米国でも、ドイツでも一部の地域で経済の再開が行われています。PCR検査数の差はあるものの、感染者の数は日本と比べ物にならないくらい両国は多いのです。
5月12日現在、ドイツでは、17万人強が感染し、約7700人が亡くなっていますが、経済活動の再開を進めています。日本では、感染者数は1万6000人弱、死者数は700人弱です。
ドイツでは、ピーク時に1日の感染者が7000人を超えていたのが1000人程度まで下がったことなどが経済活動再開の要因ですが、再度の感染拡大を防ぐための「緊急メカニズム」も用意しています。それは、各地域で「人口10万人当たり、週に50人を超える新規感染者が出た」場合に発令されるとしています。
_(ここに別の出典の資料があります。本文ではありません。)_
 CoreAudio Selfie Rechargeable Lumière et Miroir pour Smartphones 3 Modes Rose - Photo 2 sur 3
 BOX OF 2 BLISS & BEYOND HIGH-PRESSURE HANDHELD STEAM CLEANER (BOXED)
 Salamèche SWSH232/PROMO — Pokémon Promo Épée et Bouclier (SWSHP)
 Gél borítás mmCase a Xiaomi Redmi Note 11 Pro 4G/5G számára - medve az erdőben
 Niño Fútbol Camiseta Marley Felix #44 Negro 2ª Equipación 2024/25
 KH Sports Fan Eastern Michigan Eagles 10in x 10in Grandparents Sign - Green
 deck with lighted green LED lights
この「緊急メカニズム」の発令条件を日本に当てはめてみました。「10万人当たり週に50人」ということは、1日当たり7人強です。東京都の人口は約1300万人=10万人の130倍です。ということは、1日に900人超(7×130)の新規感染者で「緊急メカニズム」が発動となります(※日本全体で見れば、1260倍して考えれば、1日当たり8500人強ということになります) 。
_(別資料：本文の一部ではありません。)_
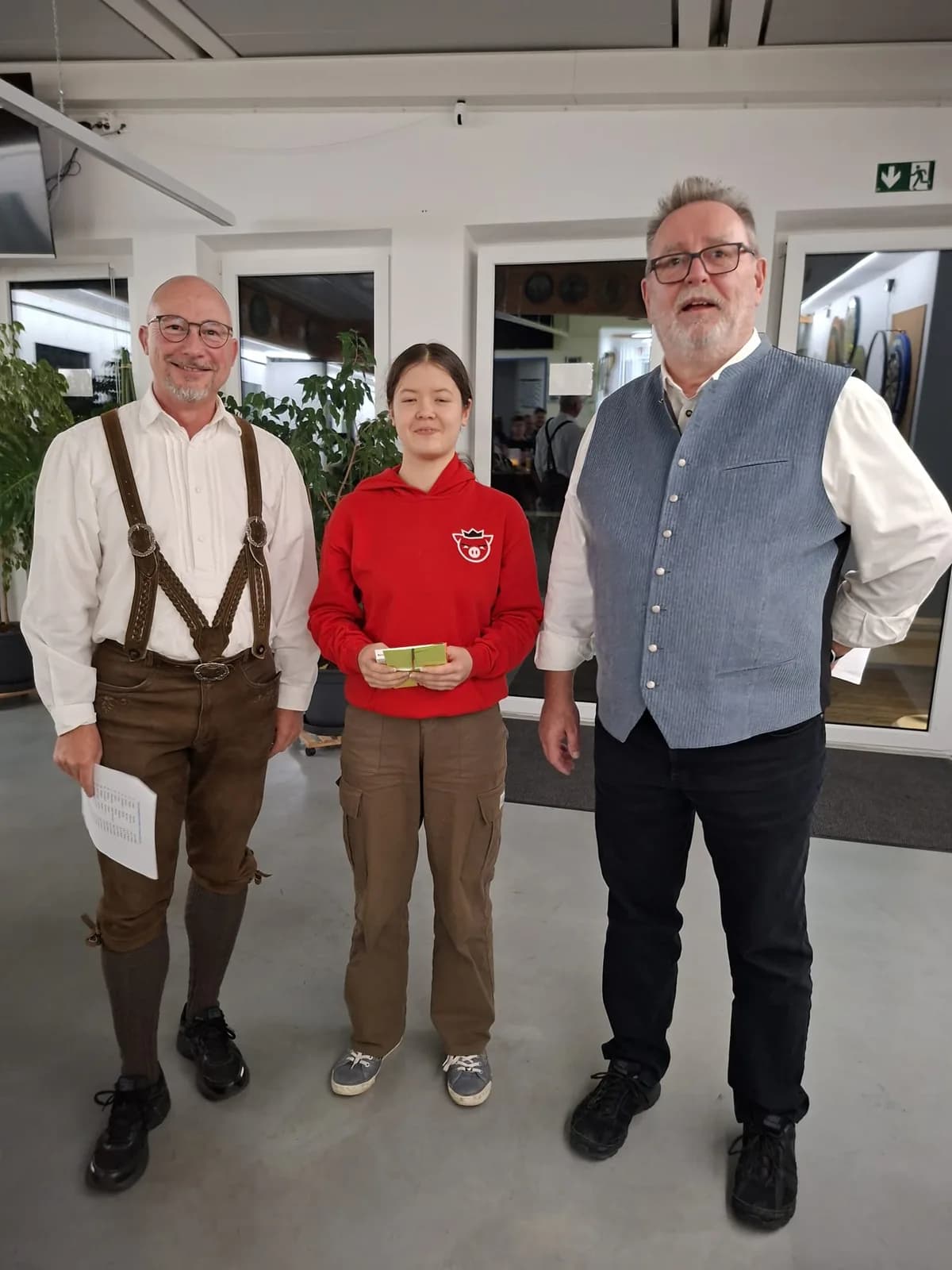 Auch unsere Jungschützen wurden geehrt.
東京都では、新規感染者のピークは200人程度でした。最近では50人を切る日も少なくありません。その数字では、ドイツでは「緊急メカニズム」の発令には至りません。
政治家たちは「経済自粛のツケ」をどれだけ国民に回す気なのか
もちろん、私は感染爆発していいと言っているのではありません。
日本は、米国やドイツと比べて、今のところはある程度感染を抑え込めていることは間違いありません。そのことは評価すべきです。しかし、感染が下火になっている状況で、いつまでも経済活動を「自粛」させていては、経済がおかしくなることは明らかです。先に見たように、すでに青息吐息の企業が多く、それを放置すると国を誤ることにもなりかねません。
緊急事態宣言を発動し、自粛要請や指示などを行えば、政治家、とくに、普段マスコミからあまり注目されていな都道府県知事はテレビなどでの露出が増えていいかもしれません。
しかし、あまりにも経済を締め付けることは、結果的に自身の支持基盤をなくすということを認識すべきではないでしょうか。東京都の場合には、財政が豊かですから、緊急事態を長引かせて、バラマキをすることもできるでしょうが、その他の地域はそうではありません。いずれにしても地元経済を殺したら元も子もないことを強く認識してほしいものです。
最後に図表3に米国の厳しい現状を示しておきます。米国の感染者数は130万人を超え、死者も約8万人に上っています。
長い間景気指標の分析をしてきましたが、米国のこれほど厳しい数字を見たことがありません。とくに非農業部門の雇用者数の減少に注目してください。前回も、3月の数字の減少(マイナス88万人)をとりあげましたが、その比ではありません。マイナス2053万人です。数字の間違いではありません。4月ひと月でそれだけの雇用が失われたのです。失業率も一気に10%以上悪化しました。GDPの7割を支える個人消費も大幅マイナスです。
そういう状況ですので、大統領選挙まで半年を切った米国では経済再開へ踏み込まざるをえないということもあると思います。一方、財政支援も日本の比ではないほど行っています。
日本が経済再開に慎重なことは理解できることではありますが、財政に余裕がなく、経済的な底力も米国やドイツよりも格段に低い日本では、経済にもう少し配慮が必要だと考えます。軸足を「経済再開」とするためにも、新規感染者数などの基準や再開のためのルールを早急に整備してほしいものです。